La cruauté de la guerre, mais aussi la tentation de la destruction à laquelle les gens succombent à maintes reprises, sont un thème important pour De Jong. Par exemple, ci-dessus L’homme des glaces vient (2001), la première grande installation en styromousse, avec laquelle de Jong a percé à l’époque lors d’une exposition au Stedelijk Museum Bureau Amsterdam : un défilé coloré de cinq militaires battus, en fauteuil roulant ou avec des jambes de bois, croisés en avant, souriant vers le abîme.
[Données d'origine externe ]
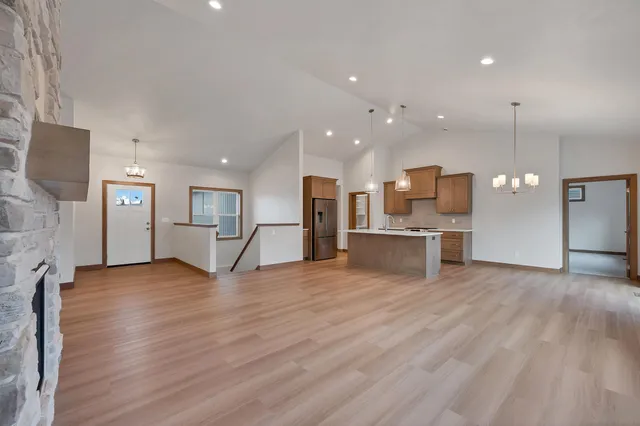 $574,900 | 2578 North Stellita Circle, De Pere, WI 54115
Folkert de Jong, La fusillade… à Watou2006.
La photo de Mike Bink

Debout à côté La fusillade… à Watou (2006): Un soldat géant accroupi en rose bonbon et bleu signature, avec plusieurs soldats de la taille d’un homme tenant des armes à balionnettes. C’est sombre, séduisant et énigmatique. La seule chose que vous auriez permis à ces statues d’avoir un peu plus d’espace, car ce soldat géant est censé se blottir contre le plafond, mais les autres combattants sont disposés un peu en désordre. Il en va de même pour les têtes historiques sur socles totémisme (2016) : un peu ingrat contre un mur du fond.

Dans le catalogue (à l’odeur agréablement chimique), de nombreuses sculptures sont disposées de manière plus belle et plus spacieuse à d’autres endroits – et vous voyez également que De Jong a réalisé de nombreuses sculptures plus impressionnantes. L’œuvre macabre de De Jong méritait une veste plus spacieuse.